The code does not work because column C and D contain string on C4 and D4. I am wondering if there is any way to bypass row 4 or do the calculation starting from row 5 (index 4).

CodePudding user response：

First I would use the parameter skiprows in the read_excel method Documentation:

df1 = pandas.read_excel("Trial.xlsx", skiprows=4)
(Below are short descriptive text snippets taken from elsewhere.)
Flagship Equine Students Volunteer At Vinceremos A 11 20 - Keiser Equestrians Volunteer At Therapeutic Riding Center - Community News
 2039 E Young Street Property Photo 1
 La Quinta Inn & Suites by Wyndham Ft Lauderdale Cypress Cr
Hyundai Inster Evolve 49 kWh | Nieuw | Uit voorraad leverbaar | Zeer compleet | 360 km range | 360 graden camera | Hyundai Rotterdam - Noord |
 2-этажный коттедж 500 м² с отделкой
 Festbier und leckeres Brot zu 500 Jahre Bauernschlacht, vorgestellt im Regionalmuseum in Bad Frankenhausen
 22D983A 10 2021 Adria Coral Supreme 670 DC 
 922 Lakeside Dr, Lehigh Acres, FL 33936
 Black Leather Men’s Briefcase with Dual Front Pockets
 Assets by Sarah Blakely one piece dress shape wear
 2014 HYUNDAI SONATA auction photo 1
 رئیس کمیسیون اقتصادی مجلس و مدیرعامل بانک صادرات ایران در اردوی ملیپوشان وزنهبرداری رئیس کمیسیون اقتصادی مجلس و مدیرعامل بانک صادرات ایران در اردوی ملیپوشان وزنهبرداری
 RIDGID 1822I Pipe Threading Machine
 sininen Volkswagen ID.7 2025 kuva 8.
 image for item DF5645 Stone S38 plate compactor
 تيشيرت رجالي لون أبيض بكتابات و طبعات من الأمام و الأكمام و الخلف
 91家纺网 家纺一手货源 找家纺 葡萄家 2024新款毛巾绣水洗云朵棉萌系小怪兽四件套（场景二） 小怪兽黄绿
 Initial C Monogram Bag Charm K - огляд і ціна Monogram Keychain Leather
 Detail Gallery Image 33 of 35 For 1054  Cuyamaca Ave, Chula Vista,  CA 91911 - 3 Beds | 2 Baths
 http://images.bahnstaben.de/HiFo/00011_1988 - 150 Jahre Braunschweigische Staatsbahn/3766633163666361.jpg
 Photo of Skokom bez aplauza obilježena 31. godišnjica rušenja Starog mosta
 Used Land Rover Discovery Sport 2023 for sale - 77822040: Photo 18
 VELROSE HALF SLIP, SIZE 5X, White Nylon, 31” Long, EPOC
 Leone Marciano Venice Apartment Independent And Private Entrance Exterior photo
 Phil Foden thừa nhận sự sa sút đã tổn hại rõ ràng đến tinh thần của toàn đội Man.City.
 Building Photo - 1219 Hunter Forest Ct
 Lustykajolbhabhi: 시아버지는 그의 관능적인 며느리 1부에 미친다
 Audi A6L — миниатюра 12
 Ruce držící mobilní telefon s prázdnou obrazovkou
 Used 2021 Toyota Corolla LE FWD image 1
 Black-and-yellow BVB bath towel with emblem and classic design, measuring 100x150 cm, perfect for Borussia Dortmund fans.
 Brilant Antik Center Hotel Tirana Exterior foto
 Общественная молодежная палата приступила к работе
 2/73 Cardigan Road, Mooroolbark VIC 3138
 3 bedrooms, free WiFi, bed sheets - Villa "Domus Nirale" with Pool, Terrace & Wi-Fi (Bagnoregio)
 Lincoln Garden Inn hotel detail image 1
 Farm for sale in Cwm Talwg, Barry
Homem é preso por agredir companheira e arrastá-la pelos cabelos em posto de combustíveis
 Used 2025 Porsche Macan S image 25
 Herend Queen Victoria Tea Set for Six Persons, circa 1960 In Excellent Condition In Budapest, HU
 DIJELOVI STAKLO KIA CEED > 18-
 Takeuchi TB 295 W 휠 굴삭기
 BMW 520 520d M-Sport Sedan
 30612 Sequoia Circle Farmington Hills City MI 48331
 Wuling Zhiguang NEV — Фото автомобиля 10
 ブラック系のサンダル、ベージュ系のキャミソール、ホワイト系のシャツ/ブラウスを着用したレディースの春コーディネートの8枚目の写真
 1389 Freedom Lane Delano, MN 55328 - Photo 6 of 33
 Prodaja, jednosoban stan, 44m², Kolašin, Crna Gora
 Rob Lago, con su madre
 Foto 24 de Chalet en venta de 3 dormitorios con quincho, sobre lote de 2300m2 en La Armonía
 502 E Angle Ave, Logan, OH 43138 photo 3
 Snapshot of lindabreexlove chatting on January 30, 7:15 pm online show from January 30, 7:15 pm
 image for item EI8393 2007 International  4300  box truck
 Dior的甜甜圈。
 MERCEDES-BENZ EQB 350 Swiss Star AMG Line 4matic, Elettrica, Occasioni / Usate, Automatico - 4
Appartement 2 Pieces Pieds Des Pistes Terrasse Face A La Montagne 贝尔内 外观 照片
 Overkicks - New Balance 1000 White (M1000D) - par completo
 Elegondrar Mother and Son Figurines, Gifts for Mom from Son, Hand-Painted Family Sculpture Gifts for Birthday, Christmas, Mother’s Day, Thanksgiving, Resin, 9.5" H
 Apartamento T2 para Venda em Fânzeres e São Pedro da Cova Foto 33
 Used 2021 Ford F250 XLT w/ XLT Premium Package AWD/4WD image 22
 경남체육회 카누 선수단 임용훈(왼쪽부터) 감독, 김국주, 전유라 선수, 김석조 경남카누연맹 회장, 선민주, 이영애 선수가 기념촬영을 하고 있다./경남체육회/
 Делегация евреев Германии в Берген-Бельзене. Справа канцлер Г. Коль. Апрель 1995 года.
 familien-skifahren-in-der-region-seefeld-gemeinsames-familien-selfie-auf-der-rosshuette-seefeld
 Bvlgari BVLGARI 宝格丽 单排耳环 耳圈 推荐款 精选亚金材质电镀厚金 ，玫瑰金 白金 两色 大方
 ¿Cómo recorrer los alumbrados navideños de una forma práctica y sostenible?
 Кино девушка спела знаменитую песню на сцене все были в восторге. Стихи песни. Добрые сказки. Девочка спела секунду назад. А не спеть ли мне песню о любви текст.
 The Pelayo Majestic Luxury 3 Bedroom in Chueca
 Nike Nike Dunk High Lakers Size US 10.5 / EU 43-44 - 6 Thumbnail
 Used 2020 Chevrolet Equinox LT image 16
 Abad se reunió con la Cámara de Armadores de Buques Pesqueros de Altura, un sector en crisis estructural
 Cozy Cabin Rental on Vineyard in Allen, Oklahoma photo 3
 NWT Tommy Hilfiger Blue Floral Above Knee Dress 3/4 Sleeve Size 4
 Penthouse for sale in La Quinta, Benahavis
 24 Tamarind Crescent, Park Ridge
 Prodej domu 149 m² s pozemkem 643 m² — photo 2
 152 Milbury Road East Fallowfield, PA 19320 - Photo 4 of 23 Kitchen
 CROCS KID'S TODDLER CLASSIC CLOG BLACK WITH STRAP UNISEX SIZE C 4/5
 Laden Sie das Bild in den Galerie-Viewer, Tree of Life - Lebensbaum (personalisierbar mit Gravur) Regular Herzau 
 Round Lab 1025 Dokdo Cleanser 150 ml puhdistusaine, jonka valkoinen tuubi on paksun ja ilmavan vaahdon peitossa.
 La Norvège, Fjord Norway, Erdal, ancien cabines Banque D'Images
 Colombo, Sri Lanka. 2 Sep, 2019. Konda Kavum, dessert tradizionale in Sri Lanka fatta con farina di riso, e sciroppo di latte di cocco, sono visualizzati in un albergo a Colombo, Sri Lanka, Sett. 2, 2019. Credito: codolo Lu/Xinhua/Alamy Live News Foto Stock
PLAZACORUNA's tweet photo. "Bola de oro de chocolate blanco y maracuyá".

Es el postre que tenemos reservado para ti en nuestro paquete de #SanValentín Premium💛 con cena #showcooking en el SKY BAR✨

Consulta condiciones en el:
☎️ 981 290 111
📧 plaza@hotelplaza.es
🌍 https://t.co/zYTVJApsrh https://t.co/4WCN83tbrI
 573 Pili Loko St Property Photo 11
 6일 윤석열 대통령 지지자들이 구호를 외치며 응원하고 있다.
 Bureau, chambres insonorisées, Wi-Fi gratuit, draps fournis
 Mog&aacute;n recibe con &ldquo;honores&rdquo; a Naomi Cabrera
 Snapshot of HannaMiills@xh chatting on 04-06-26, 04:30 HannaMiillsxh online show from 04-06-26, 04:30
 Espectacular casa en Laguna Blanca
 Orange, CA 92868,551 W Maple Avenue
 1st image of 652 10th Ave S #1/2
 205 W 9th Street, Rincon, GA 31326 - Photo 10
You can also use pandas.to_numeric with the parameter errors='coerce' to make all non numeric values into nans. See documentation If you use the above code, pandas should pick up the header names and you can use the following:

df1["total"] = (
    pandas.to_numeric(df1["Debit"], errors='coerce') 
    - pandas.to_numeric(df1["Credit"], errors='coerce')
)

CodePudding user response：

one way to accomplish it would be to make the values in the column as float

df1["unnamed: 2"] = df1["unnamed: 2"].str.replace('([^\d\.]) ','', regex=True ).replace('',np.nan).astype(float)
df1["unnamed: 3"] = df1["unnamed: 3"].str.replace('([^\d\.]) ','', regex=True ).replace('',np.nan).astype(float)


df1["total"] = df1["unnamed: 2"] - df1["unnamed: 3"]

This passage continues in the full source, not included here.